- Location: Aspen, Colorado
- Dates: January 24–27

= Winter X Games XII =

2008 Winter X Games event in Aspen, Colorado

Winter X Games XII were held from January 24 to January 27, 2008, in Aspen, Colorado. They were the 7th consecutive Winter X Games to be held in Aspen. Television coverage of Winter X Games XII was broadcast on ESPN and ABC, primarily hosted by Sal Masekela and Todd Harris. Final attendance for the four-day event was 72,500.

==Disciplines==
Disciplines at the 12th Winter X Games were:

- Skiing
- Snowboarding
- Snowmobiling

==Highlights==
Skier Tanner Hall won his third consecutive men's superpipe gold medal and his seventh X Games gold medal over all, the most of any winter competitor. This record stood alone until the final night of competition, when Shaun White tied it with a gold medal in the men's snowboard superpipe and set his own record with 12 career Winter X Games medals.

Snowmobile Speed and Style was debuted as a new event on the opening night of competition, combining traditional snocross, a timed race, with trick skill. The event was judged, with completion time and freestyle each making up half of the final score. Levi LaVallee won gold. Tucker Hibbert won his third gold medal in Snocross and his second consecutive. LaVallee's subsequent gold medal win in the snowmobile freestyle made him only the second Winter X Games competitor to win a gold medal in four different events, after Shaun Palmer.

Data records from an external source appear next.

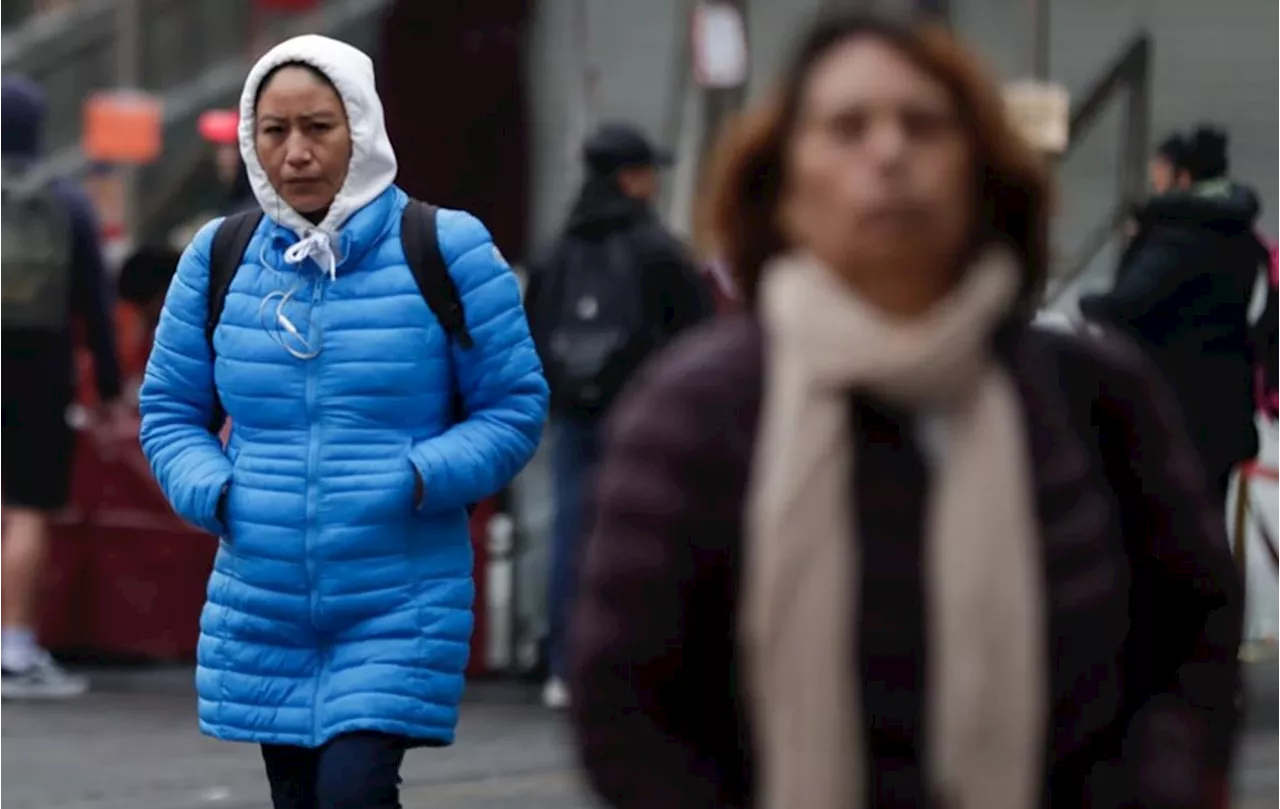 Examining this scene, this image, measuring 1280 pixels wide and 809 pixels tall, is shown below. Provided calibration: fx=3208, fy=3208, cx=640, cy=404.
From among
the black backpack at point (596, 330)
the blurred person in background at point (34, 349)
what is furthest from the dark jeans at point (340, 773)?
Result: the blurred person in background at point (34, 349)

In women's snowboarding, Lindsay Jacobellis regained the gold medal, her fourth, in Women's Snowboard Cross, defeating Swiss boarder Tanja Frieden. Frieden defeated Jacobellis at the 2006 Winter Olympics after Jacobellis fell near the finish line after attempting a trick. Aspen native Gretchen Bleiler won the women's superpipe, defeating the Australian Torah Bright. The women's superpipe final was ceremonially "fore-run" by the late Bibian Mentel, an adaptive snowboarder from the Netherlands, who would eventually win multiple Paralympic snowboarding gold medals in 2014 and 2018.

Big Air events returned to the Winter X Games for the first time in several competitions. There were only four participants in both the skiing and snowboarding big air events. The events were done in a knockout format, with two judges voting and the audience, voting through text messaging, each having equal say as to who advanced to the finals and who won. There were only gold medals awarded for the Big Air events, as they were judged as winner take all competition.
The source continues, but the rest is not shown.